Gaziantep’te ekonomi iki ayrı fotoğraf veriyor. Bir yanda iflasın eşiğine gelmiş işletmeler, diğer yanda alkışlar eşliğinde düzenlenen ödül törenleri…


Aralık ayında yalnızca bir haftada 20 konkordato talebinin mahkemelere yansıdığı bir şehirden söz ediyoruz. Mahkeme, bu taleplerin kimisini reddetti, kimisine geçici, kimisine kesin mühlet kararı verdi.

Kentte herkesin moralini bozan, canını sıkan konkordato gerçeği ortadayken, geçtiğimiz hafta GAİB’in, bu hafta ise Sanayi Odası’nın ödül törenlerini izledik.

Ekonomik sıkıntı bu denli can yakıcıyken, şehirde konkordato gerçeği adeta alıp başını gitmişken; “dostlar alışverişte görsün” misali, bu törenler neyin göstergesi?

Şunu artık kabul edelim. Bugün Gaziantep sanayicisinin önceliği plaket almak değil, ayakta kalabilmektir. Hatta daha ötesine gideyim, birilerine para kazandırayım diye fuarlar düzenleyip, zoraki katılan sanayiciye ekstra giderler yaratmak değil, iş dünyasının temel sorunlarına çözüm bulmak için lobi yapmaktır. Üretici; finansmana erişemiyor, yüksek girdi maliyetleriyle boğuşuyor, kârlılık hızla eriyor. Sanayici çözüm bekliyor, vitrinde konu mankeni olmak istemiyor.

Hadi diyelim tören yaptınız. Bari bunu fırsata çevirin, kentin acı gerçeğini Bakan’ın gözüne sokun. Ama nerede?

Sanayi ve Teknoloji Bakanı M. Fatih Kacır, Gaziantep’e gelmişken yapılan konuşmaları dikkatle dinledik. Kürsüden, sanki her şey yolundaymış gibi “günlük gülistanlık” bir Gaziantep sanayisi anlatıldı. Oysa gerçek bambaşka. İç piyasada daralma, ihracatta baskı, krediye erişimde kilitlenme varken; sorunları dile getirmek yerine yapılanları anlatmak kime ne kazandırıyor, kimse anlamıyor.

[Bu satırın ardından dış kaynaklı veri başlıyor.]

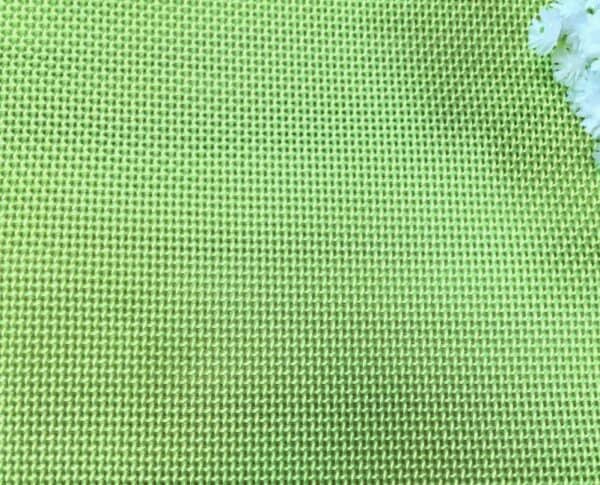 Grid Mesh Woven Nylon Polyester Fabric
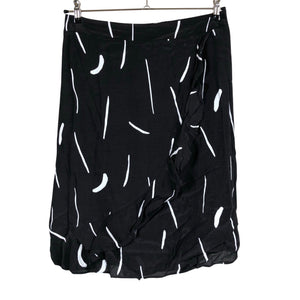 Unisex Nanso - Fabric skirt, size 42 - Black (1)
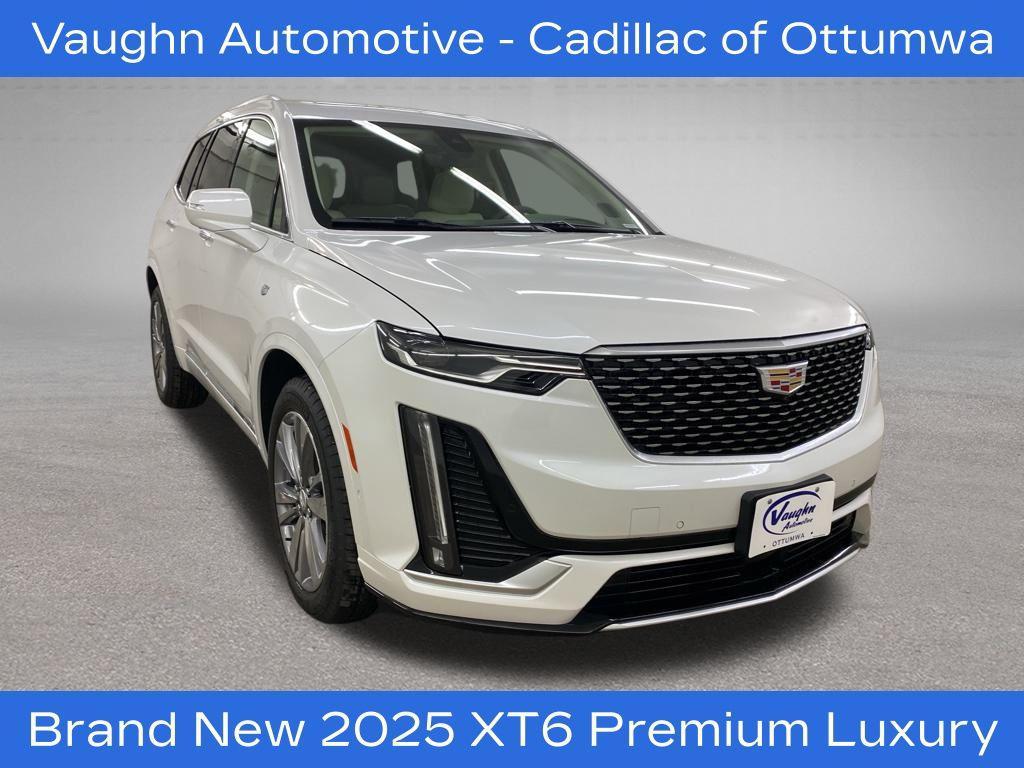 new 2025 Cadillac XT6 car, priced at $58,347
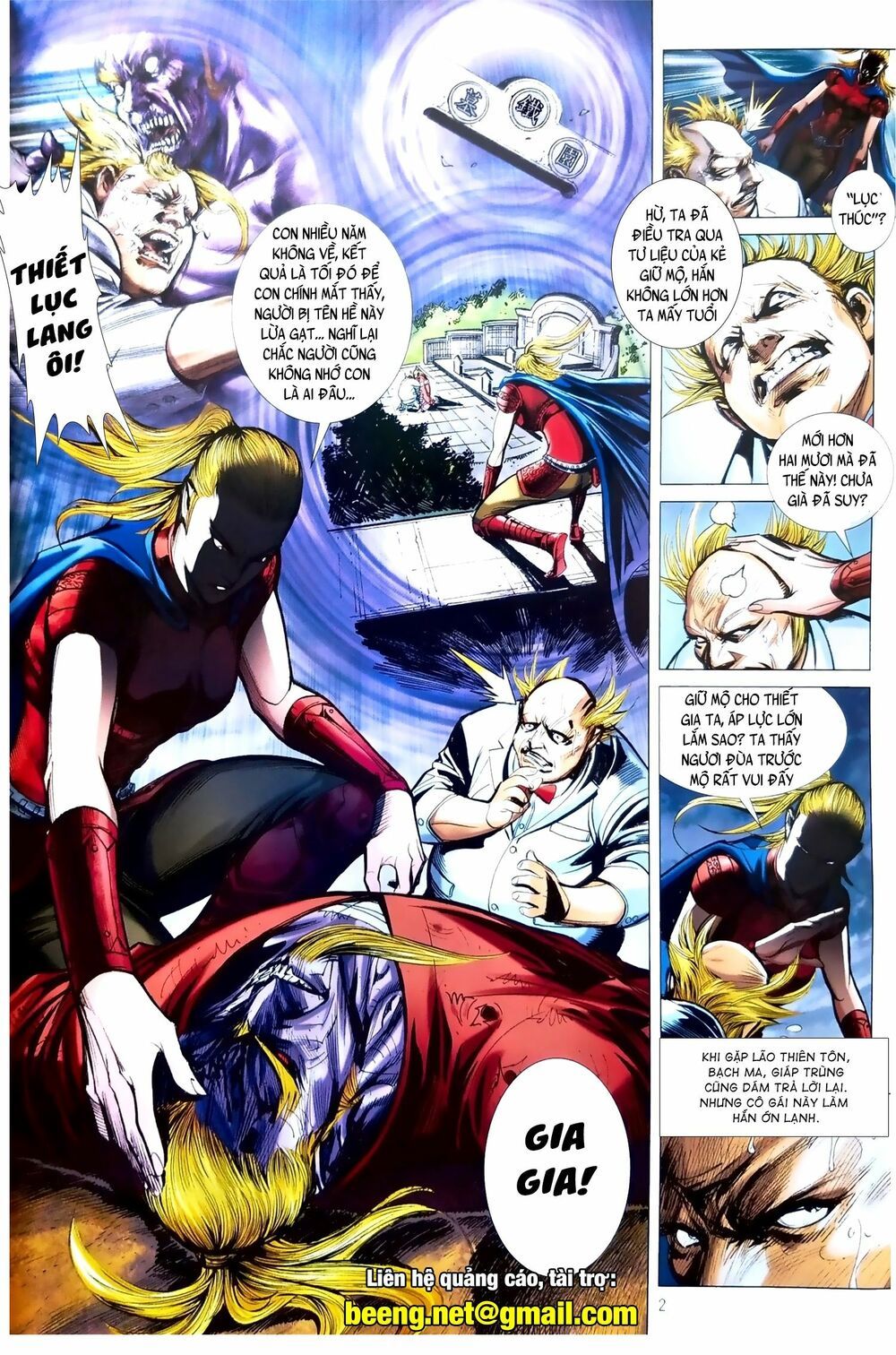 đọc truyện Tân Tác Long Hổ Môn Chương 1096 ảnh 4 tại Thiên Thai Truyện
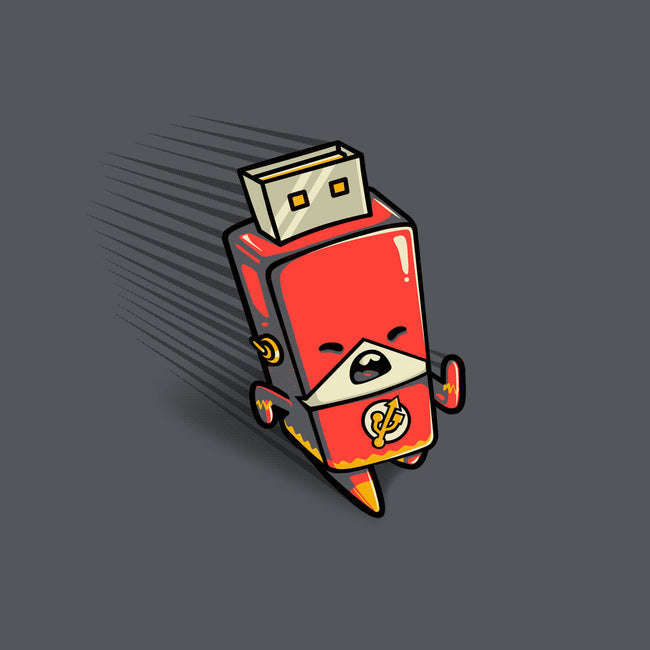 Flash Drive-none stretched canvas-Wenceslao A Romero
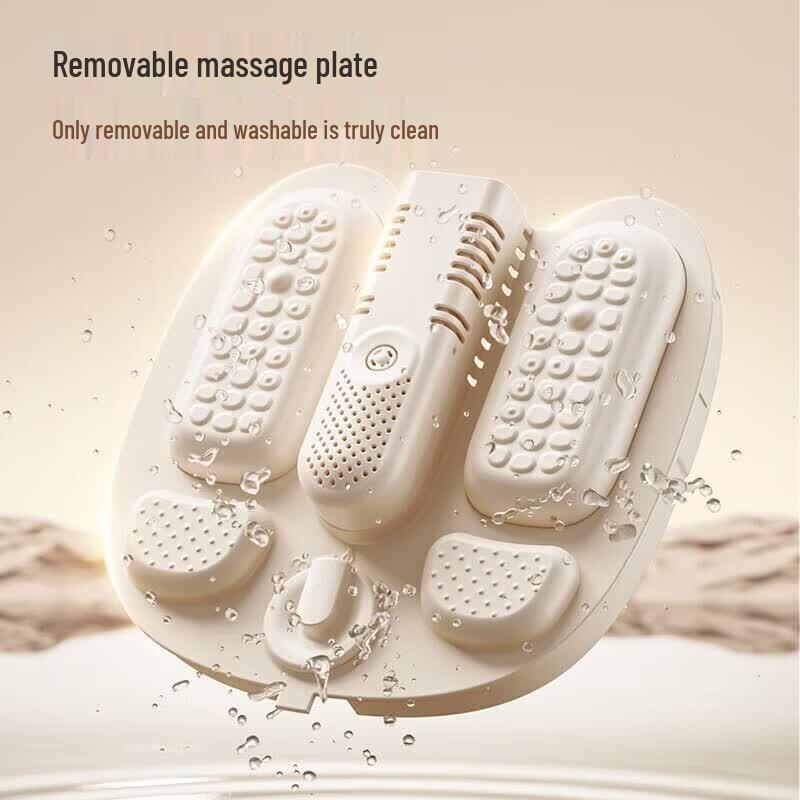 Little Bear Automatic Heated Foot Spa Massager CN plug (adapter included)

Bir de “yeni nesil sanayicilik”, “yapay zekâ”, “dijital dönüşüm” söylemleri var. Elbette bunlar önemli. Ancak bugün Gaziantep sanayicisinin derdi yapay zekâ değil; nakit akışı…
Yeni nesil sanayicilik değil, finansmana kolay erişim…
Dijital dönüşüm değil, enerji ve hammadde maliyetlerinin düşürülmesi…
Yüksek teknolojik üretim değil, yüksek faiz, düşük kur sarmalının yarattığı sorunların artık bitmesi…

Bu gerçekler ortadayken, yangın yerinde dekorun konuşulmasını kimse kabullenmiyor.

İki haftadır mecburi katılımla ödül alan sanayicilerin bir çoğu ile yaptığımız sohbetlerde, onlar bile bu törenlerden şikayet ediyorsa gerisini varın siz düşünün…

Kimse kusura bakmasın ama, bunun adı şov yapmaktan başka bir şey değil.

Şu da var, Allah bile bu şovu kabul etmemiş olmalı ki, bir şekilde şaşırtıp, protokol krizini ödül töreninin önüne geçiriyor.

Bu kopukluk ve vurdumduymazlık öyle bir noktaya geldi ki, CHP İl Başkanı Vakkas Açar’a yönelik yaşanan protokol krizi, törenin kendisinden daha çok konuşuldu. Medyada ödüller değil, yaşanan kriz haber oldu. Bu da aslında neyin yanlış gittiğinin açık bir göstergesi.

Gaziantep, üretim gücüyle, emeğiyle, alın teriyle ayakta duran bir şehir. Bu şehir, sorunlarını halının altına süpüren değil; gerçeklerle yüzleşen, çözüm üreten bir anlayışı hak ediyor. Sanayici alkış değil, nefes almak istiyor.

Ve unutulmamalıdır: Gerçekler konuşulmadıkça, plaketlerin sesi konkordato dosyalarının gürültüsünü bastıramaz.